Many individuals of all ages have informed me of the horrors of the piano patch they experienced. Stories and comments are mostly about bad memories, having no talent, being made to practise and play scales, and teacher traumas of one kind or another. Usually, external factors influenced the core objective, usually expressed as, ‘I would like to be able to play, but…’ or ‘I used to play, but…’
Can one alleviate the complications? Some suggestions: keep it simple, focus on enjoyment, have flexible time, flexible involvement and flexible meandering practice, and have no conditions, no conforming way of playing and no set goals. In other words, get rid of all the issues of madness, of society’s constructs of greed, and focus on the sanity of art.
The truly great historical pianists all play with unique, individual sounds. They play with their own nature. They play their way. They reach so far through their instrument it’s like they travel the universe and – lo and behold – find themselves back on earth with an even simpler grasp and awareness of the fact that the more complex the music, the more simplicity it requires in forging partnerships.
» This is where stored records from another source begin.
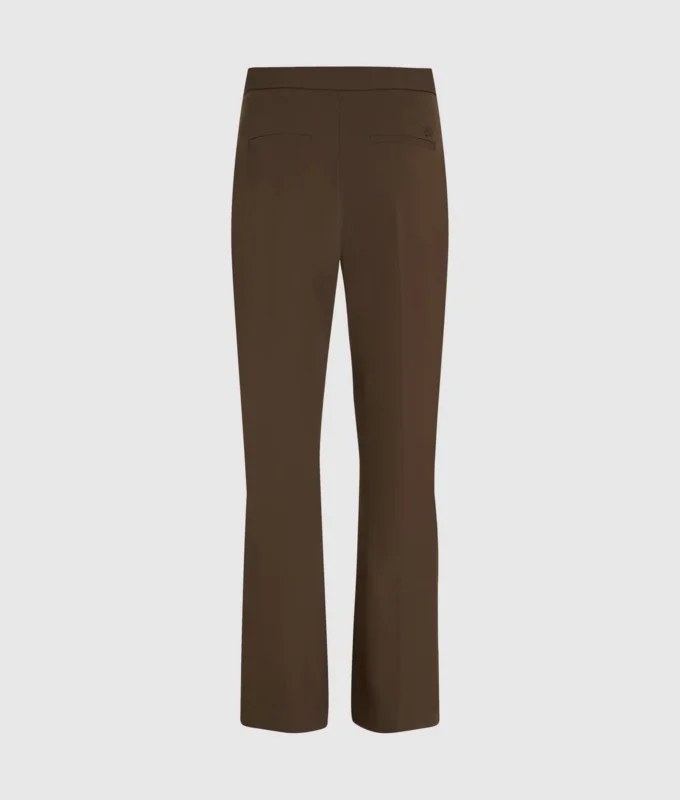 Hose mit Druckknöpfen Hose mit Druckknöpfen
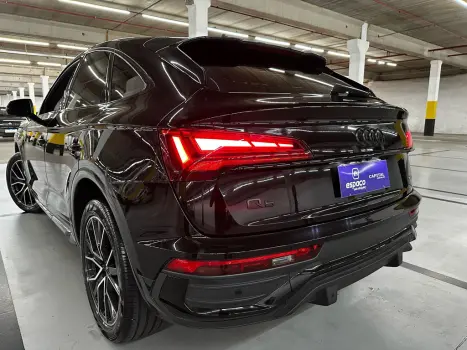 AUDI Q5 2.0 16V 4P TFSI S-LINE QUATTRO S-TRONIC AUTOMTICO, Foto 11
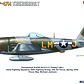 Para armar P-47M Thunderbolt Advanced Kit1/48 - Miniatura 2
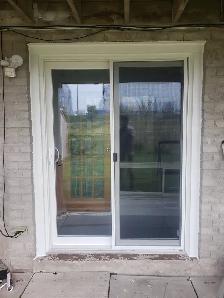 New Sliding Patio Doors w Installation in GTA and South Ontario - Photo 2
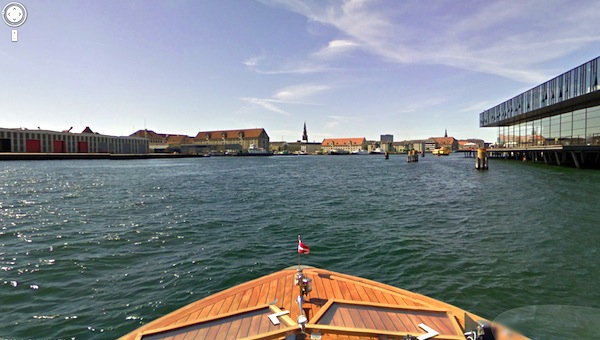 Google Street View aggiornamento immagini di 1.001 nuove località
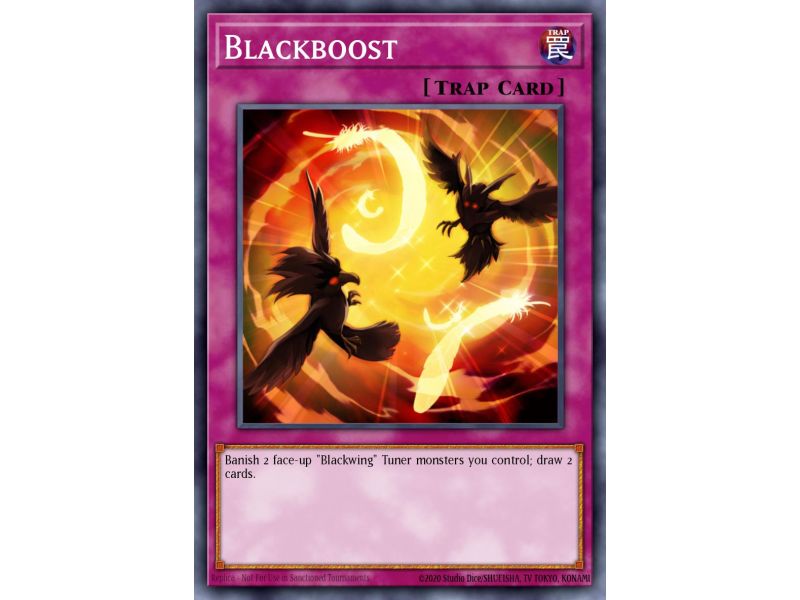 Blackboost (Common)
Imagine a large number of home educating people allowing and trusting their own natures to fashion out their own musical pianistic paths. What a collective, rich tapestry. These individuals may be unlikely to play at the level of the master pianists, but they would certainly have something in common with the naturalness of the artistic involvement and capacity to move through life. They would have the ability to make a positive imprint within themselves and add musical enrichment to the wider world.
Skill and playing ability are not the core attributes in pianistic endeavour.
A word of caution: doing an exam, such as an Australian Music Examinations Board (AMEB) exam, each year is really about keeping society constrained and stuck in its own paradigm.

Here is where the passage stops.